Robert Duncan McNeill is more known for his director status in the world of Hollywood, as well as his producer credits in recent years. He’s directed television episodes of “True Lies”, “So Help Me Todd”, “The Resident”, “The Gifted” and “Resident Alien”. He’s also directed the reboot of “Turner and Hooch”. Not only that but he’s served as an executive producer on “Chuck”, “Girlfriends’ Guide to Divorce”, and the aforementioned” Resident Alien”.
But before he did all that, he was a star on Star Trek: Voyager, bringing his character of Tom Paris to life each and every week for seven seasons. Then he’d go on and return to the role once again with Star Trek: Lower Decks, then would create the Delta Flyers podcast alongside his good friend Garrett Wang, who played Harry Kim on Voyager.
Yet, before even his time on Voyager, McNeill played a character on Star Trek: The Next Generation, a character who would become the progenitor for Paris; and that character was Cadet First Class Nicholas Locarno.
Locarno was just like Paris, a troubled young man who had the weight of the world on his shoulders, and under the pressure, snaps.
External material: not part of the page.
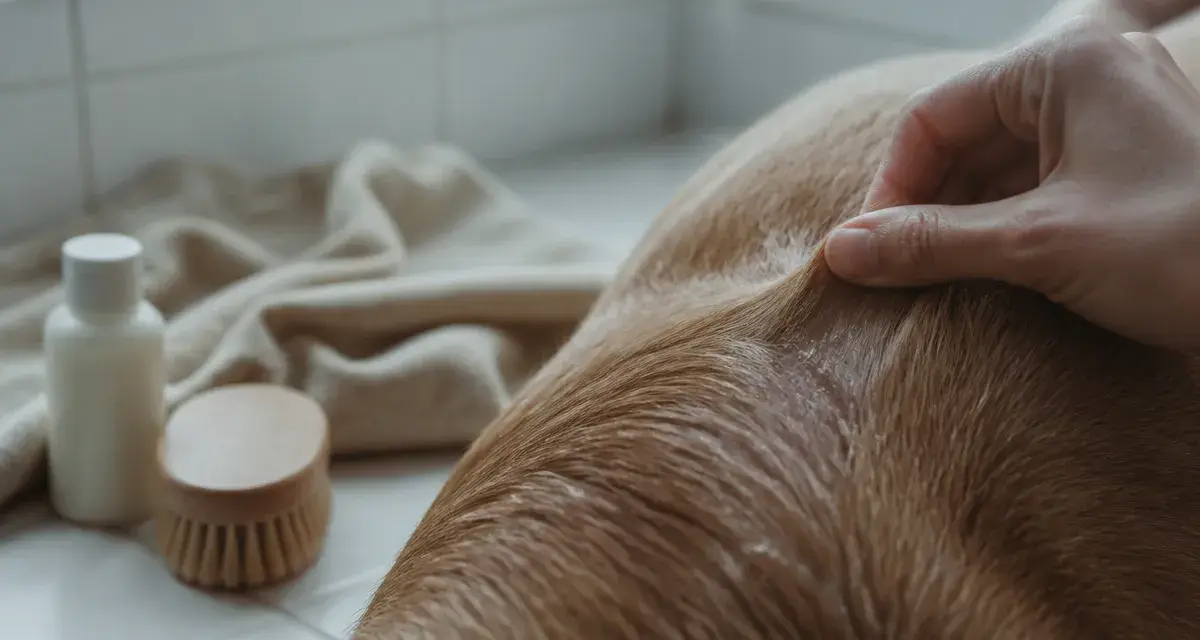 Pellicules chien : squames sur la peau du pelage brun du chien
Unlike Paris, however, Locarno would never find his redemption, and would later go on to become an out-and-out villain.
But if Locarno and Paris were so alike, why didn’t McNeill just reprise the role for Voyager?
Robert Duncan McNeill played a new character on Star Trek: Voyager, but why?
In a 1996 interview with Cinefantasatique, the producers of Star Trek: Voyager believed that Locarno’s prior actions on The Next Generation were irredeemable. Locarno covered up the death of a fellow Starfleet Academy member and was expelled for it. In Voyager, Paris aided in the Maquis terrorist faction prior to the events of Voyager.
So not exactly better, but there is another rumor circling that the Voyager producers couldn’t get the right to use Locarno without paying money to the writers who created him, and so they made a one-to-one copy of him, just with a different backstory for why he was no longer in Starfleet.